(Short web captions)

* * * *

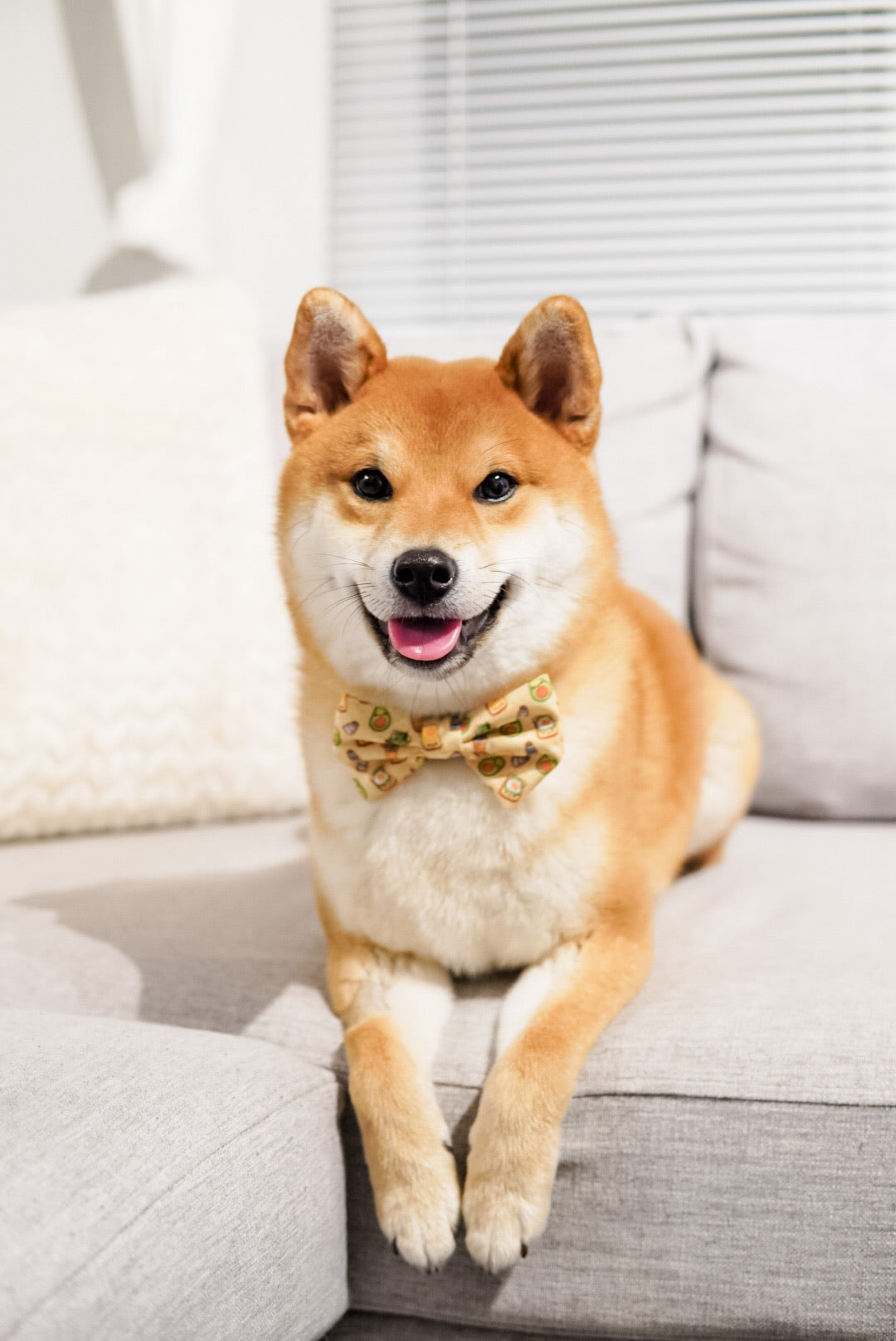 Dog Bow Tie - Avocado Toast (Blue Paw Co. - FINAL SALE)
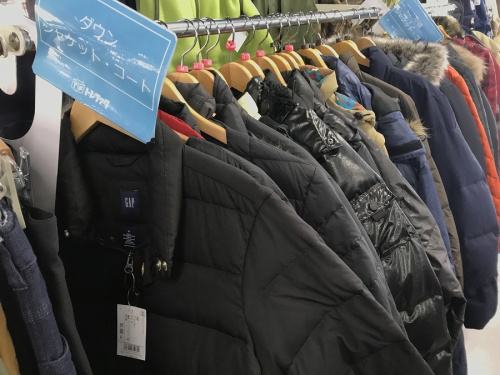 ダウンジャケットのTHE NORTH FACE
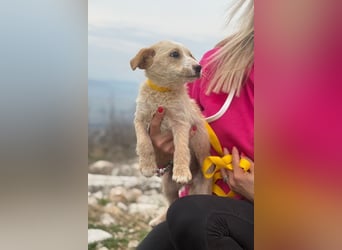 Ivy sucht ihr Glück (47839 Krefeld)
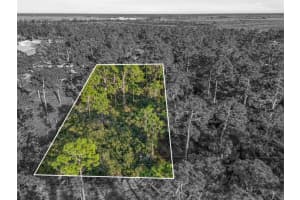 7123 SWEDEN BOULEVARD, PUNTA GORDA, FL 33982 - MLS#MFRA4680992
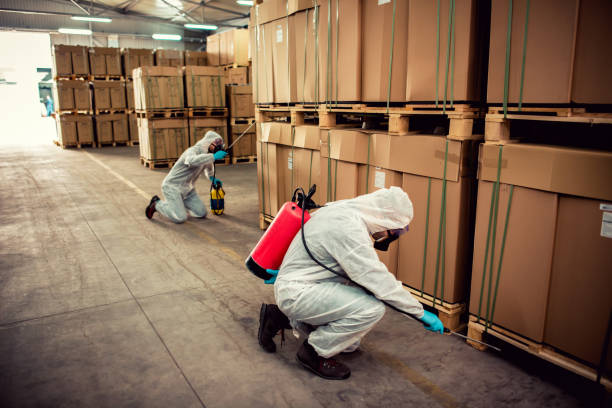 Best Pest Removal Services  in Eugene, OR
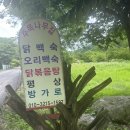 주목나무집 이미지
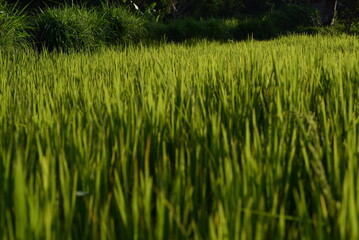 green rice field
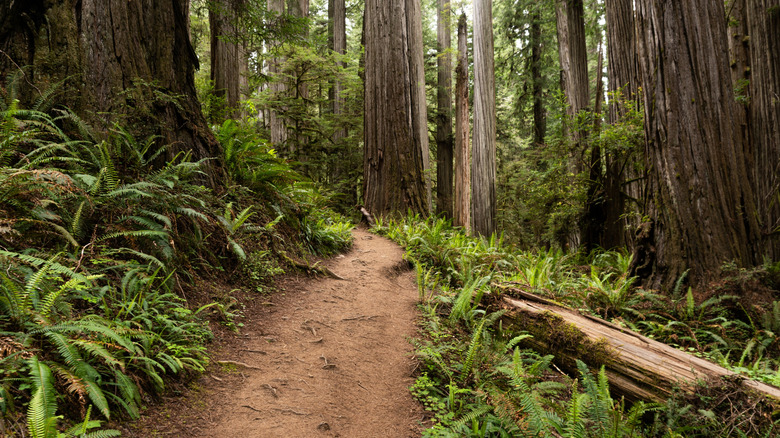 A fern-lined dirt path known as Boy Scout Tree Trail winds its way through the redwoods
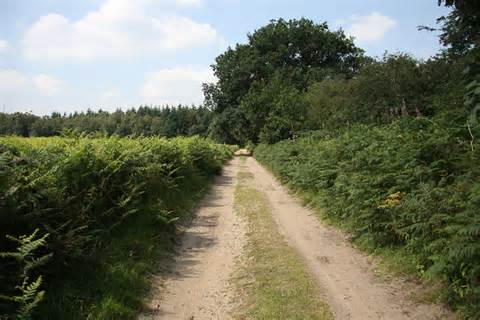 Peddars Way © Hugh Venables :: Geograph Britain and Ireland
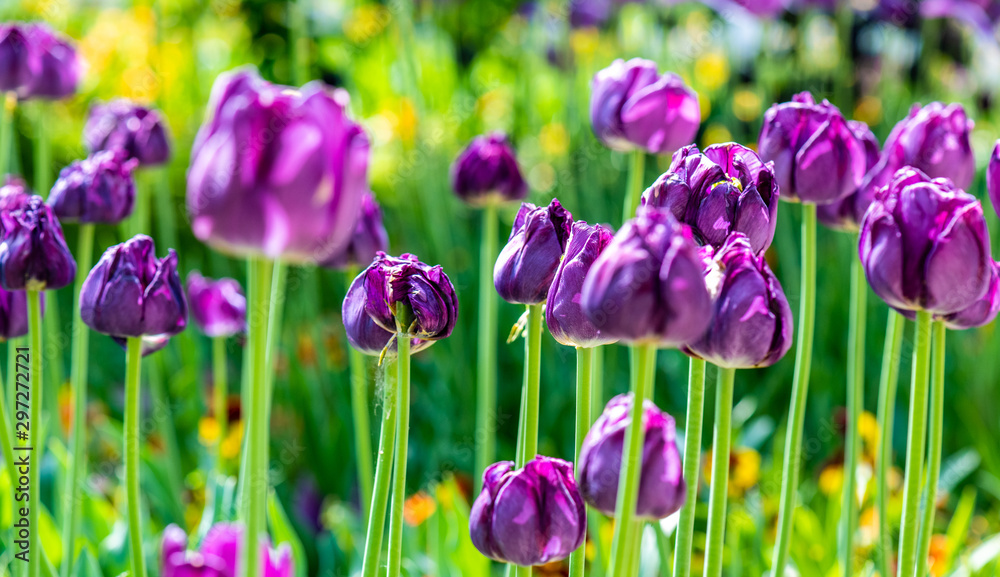 flower power, spring time with tulips and daisy flower power, spring time with tulips and daisy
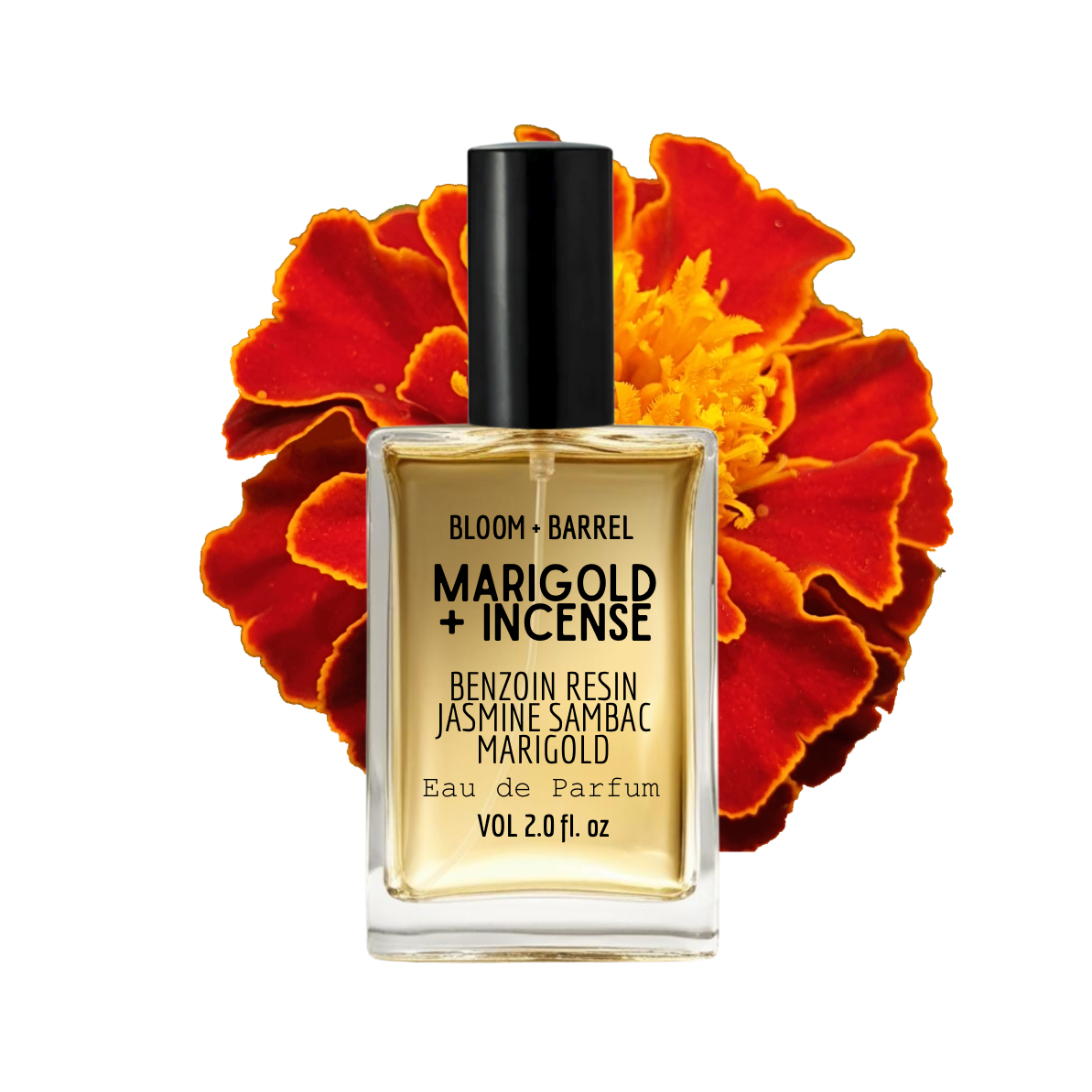 Bottle of Bloom + Barrel Marigold + Incense Eau de Parfum with marigold flowers in the background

* * * *

- _Your assignment_
From the line containing "Best Pest Removal" down to the last line of the entries above, copy each line exactly and nothing more. Leave pictures out.

- _Task output_
 Best Pest Removal Services  in Eugene, OR
 주목나무집 이미지
 green rice field
 A fern-lined dirt path known as Boy Scout Tree Trail winds its way through the redwoods
 Peddars Way © Hugh Venables :: Geograph Britain and Ireland
 flower power, spring time with tulips and daisy flower power, spring time with tulips and daisy
 Bottle of Bloom + Barrel Marigold + Incense Eau de Parfum with marigold flowers in the background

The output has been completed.